Almost daily, I share stories about the troubles and tribulations caused by integration.There's just no shortage of examples of business strategies thwarted, business processes stalled and business opportunities missed because of poor or non-existent integration among silos.
With so many integration-related problems to consider, I never took time to contemplate the problems of easy integration. I mean, it's like worrying about how to handle a flying car traffic jam-why bother?
But that's exactly what's on the mind of Mike Vizard, a blogger at IT Business Edge and head of our site CTO Edge.
Vizard looked at the problems of managing borderless applications this week at CTO Edge. He points out that Web applications are becoming more common and easier to integrate with the than ever before-so much so, they're often integrated without consulting IT. Managing all these apps is often beyond the scope of IT, he writes, which means this could become the next great IT challenge.

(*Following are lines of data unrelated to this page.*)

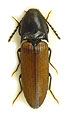 Ampedus brunnicornis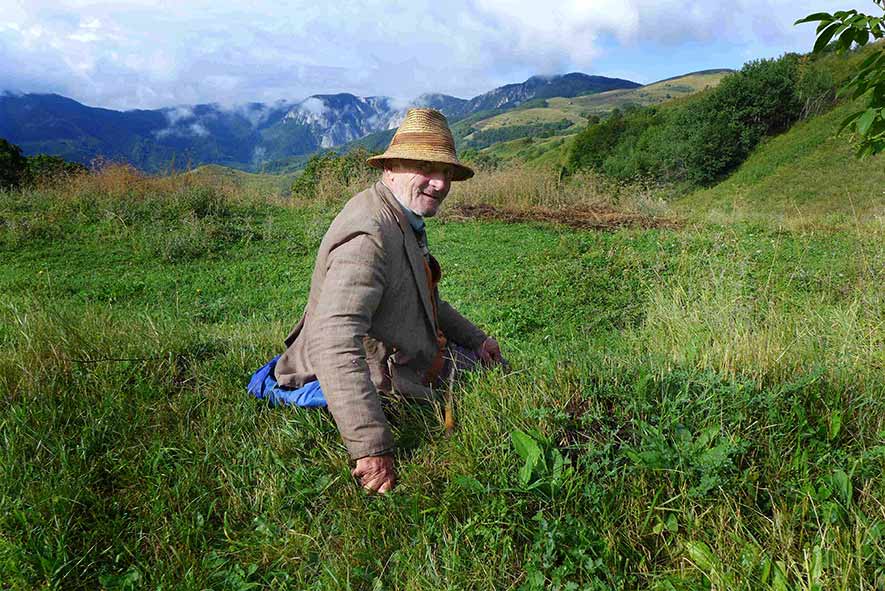 Mann sitzt auf einer Wiese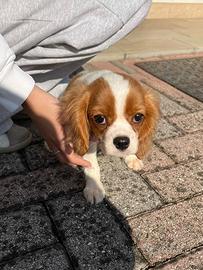 Cucciola di Cavalier King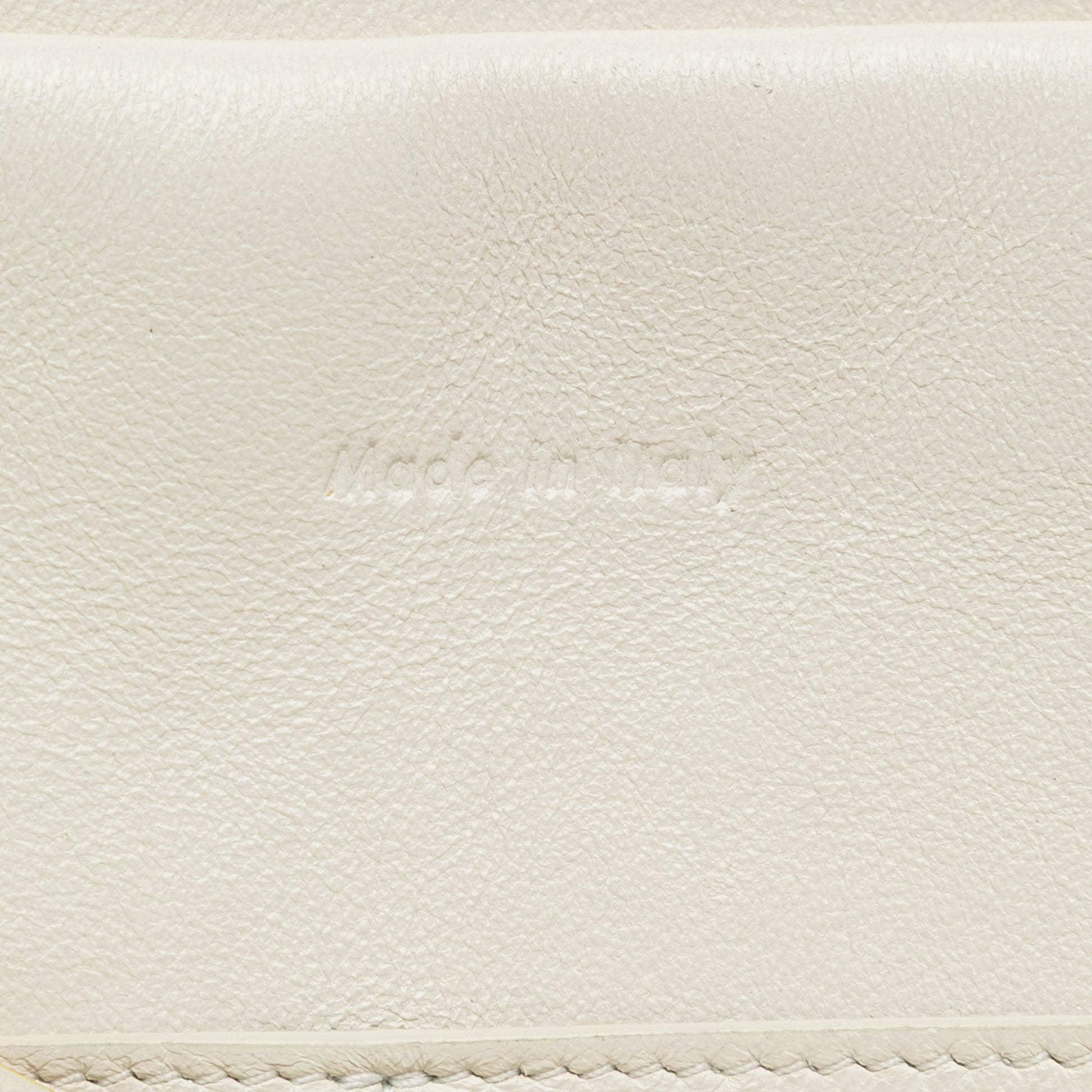 Mini Smooth Calfskin Belt Bag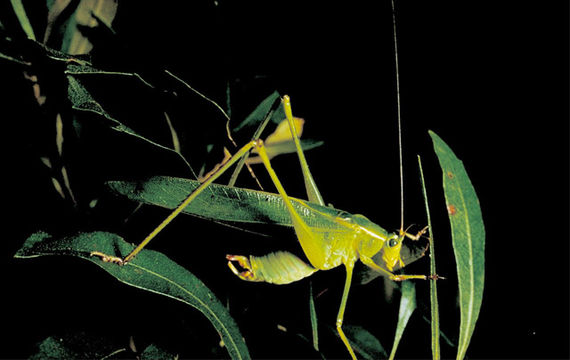 Image of Southeastern Bush Katydid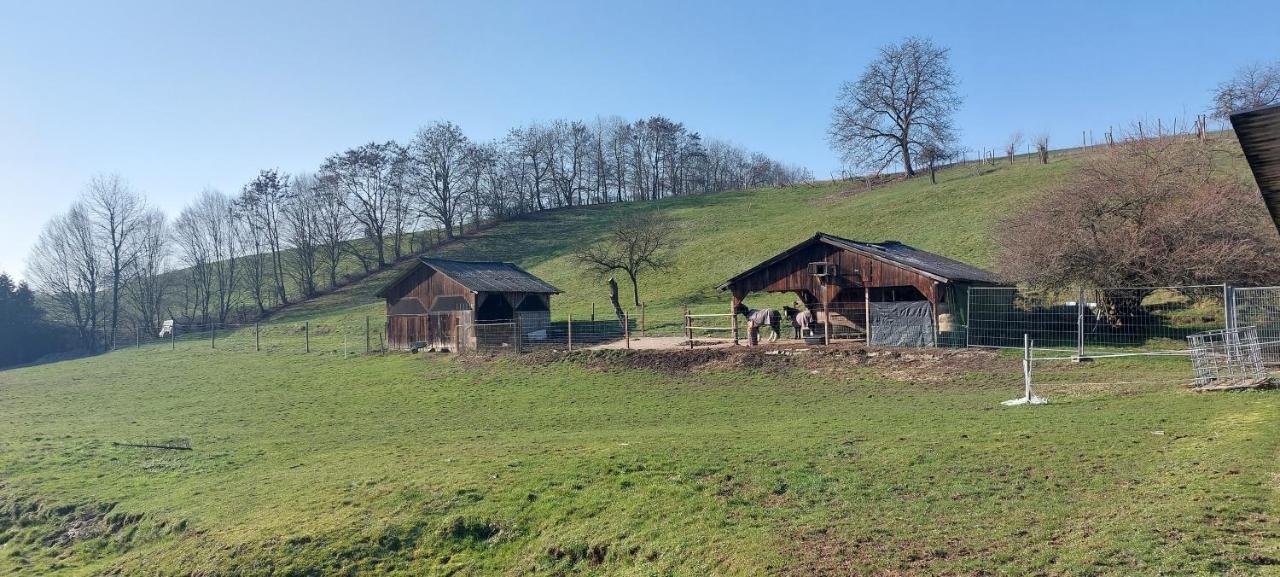 Grosse Tolle 4 Zimmer Ferienwohnung Im Herzen Des Odenwaldes Mörlenbach Kültér fotó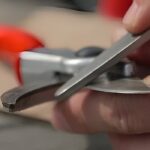 Close-up of pruning shears being cleaned with a cloth and oil to maintain sharpness and prevent rust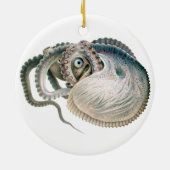 Vintage Octopus Argonaut, Meerestiere Keramik Ornament (Hinten)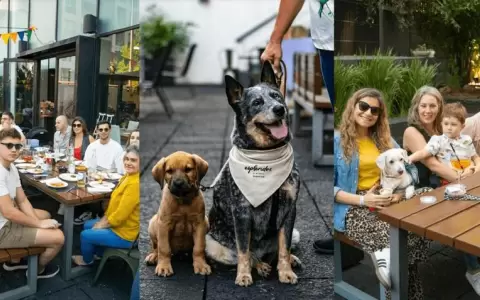 Esplendor by Wyndham Asunci�n celebr� el D�a del Perro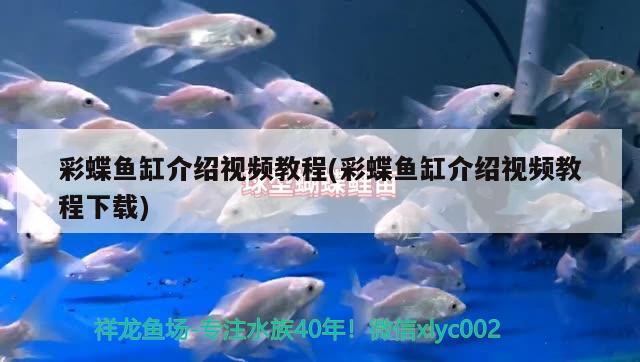 彩蝶魚缸介紹視頻教程(彩蝶魚缸介紹視頻教程下載) 黃吉金龍（白子金龍魚）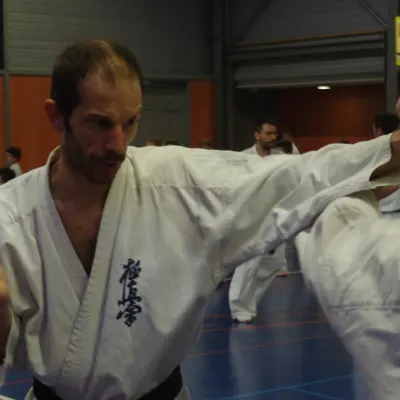 Stage avec Shihan André Gilbert 2012 — photo 1 sur 59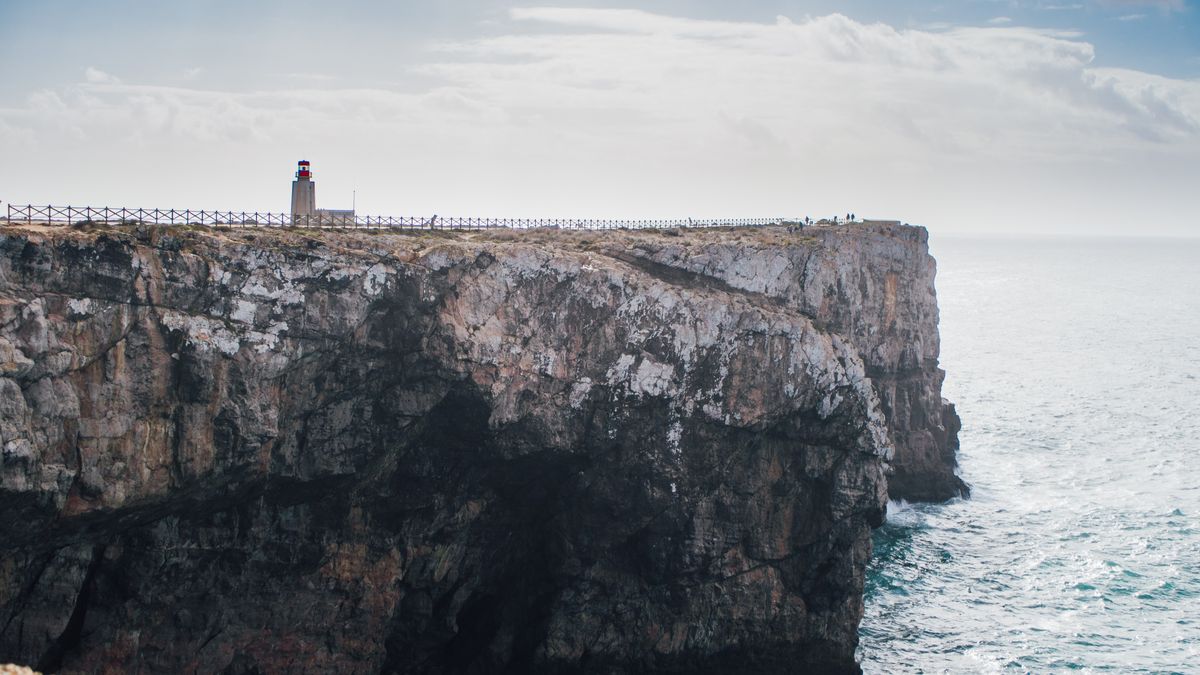 Spotting Seabirds Safely on Cliffside Nature Reserves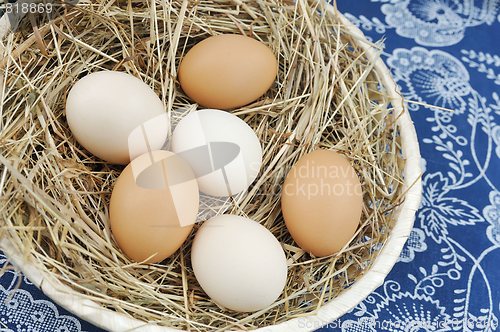 Image of Fresh farm eggs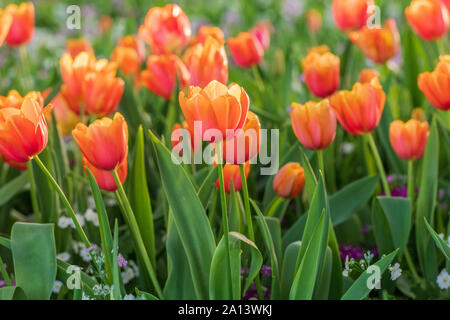 Close up peach tulipani illuminata dal sole di setting Foto Stock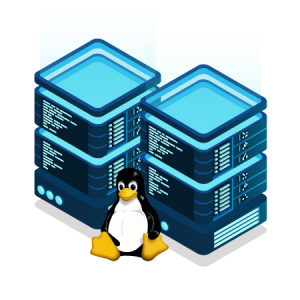 Linux VPS Server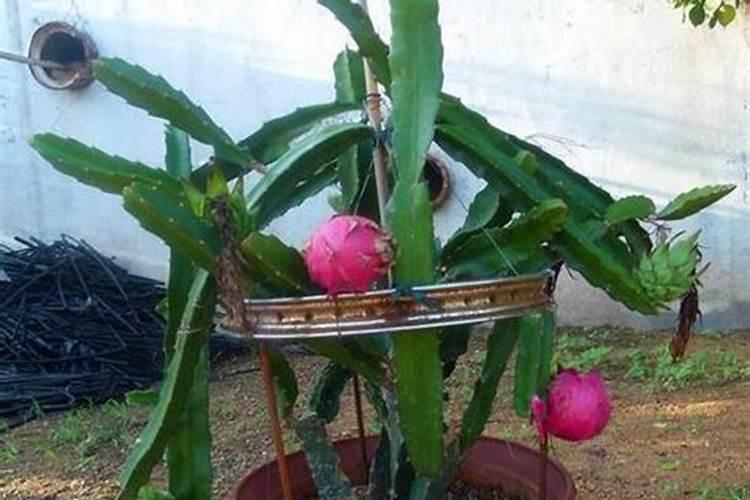 火龙果汁弄到衣服上怎么洗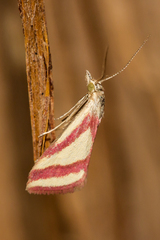 Microtheoris vibicalis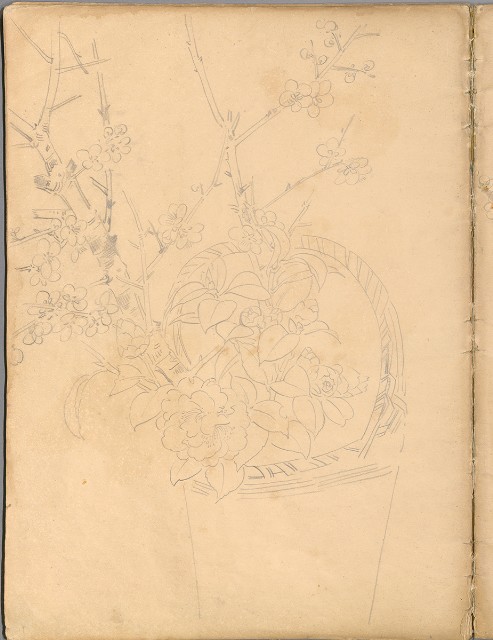 藏品:花草、鳥、魚等036的(24)張圖片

This post is actually a followup to a piece he wrote for IT Business Edge on borderless apps, where he explains in more detail why borderless apps are becoming a trend. As with all things, borderless apps have their pros and cons:
The rise of these new borderless Web applications will present some interesting security and data-management challenges. But what was once a relatively simple mashup concept involving the sharing of data between two applications rapidly is becoming a never-ending series of composite applications that are always connected. From an end user perspective, this capability presents all kinds of possibilities for mass customization as part of the general trend toward the consumerization of IT. From an IT manager's perspective, however, mass customization currently equals mass confusion.
Of course, as DevCentral blogger Lori MacVittie points out in a recent post, just because you've integrated the interface doesn't mean you've solved all your interoperability problems:
Having an API is important. It's what makes integration of applications, infrastructure, and ultimately clouds possible. But it isn't the definition of that interface across disparate implementations of similar technology that will make or break intercloud. What will make or break intercloud is the definition of a consistent semantic model for core services and components that can be used to describe the technologies and policies and meta-data necessary to enable interoperability.
Still, Vizard has hit upon an unusual issue here, and he's the only one I've seen write about the problems of easily integrated Web applications. It's certainly an interesting trend observation that I'd like to see explored more widely.